◆ Exercise goal
Wherever a picture sits, omit it. Output the rest of the listing exactly.
-- Data extract follows --
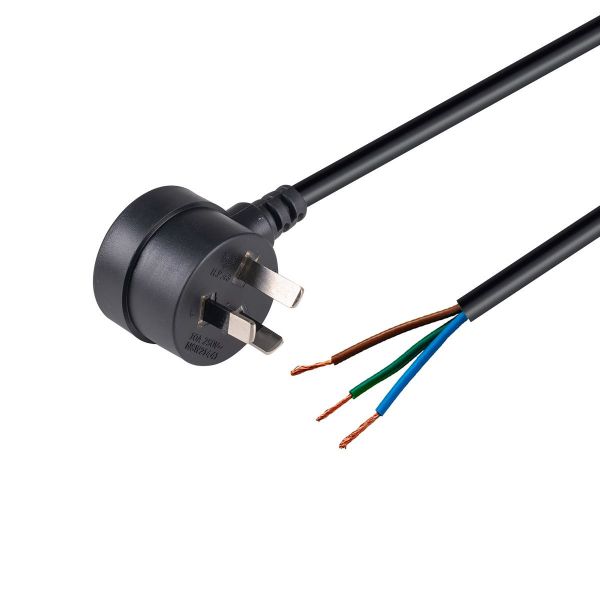 DYNAMIX C-PB3C10T-2 - 2M 3-Pin Tapon Plug to Bare End 3 Core 1mm Cable Black SAA Approved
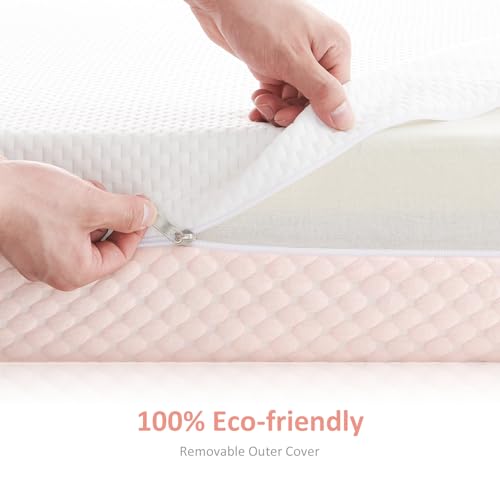 White Pink Dual Sided Memory Foam Crib Mattress E60840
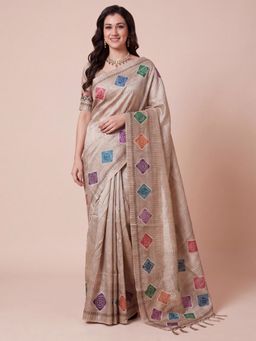 Akhilam - Womens Cotton Silk Beige Embroidered Saree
-- Data extract concluded --
◆ Output of the exercise
 DYNAMIX C-PB3C10T-2 - 2M 3-Pin Tapon Plug to Bare End 3 Core 1mm Cable Black SAA Approved
 White Pink Dual Sided Memory Foam Crib Mattress E60840
 Akhilam - Womens Cotton Silk Beige Embroidered Saree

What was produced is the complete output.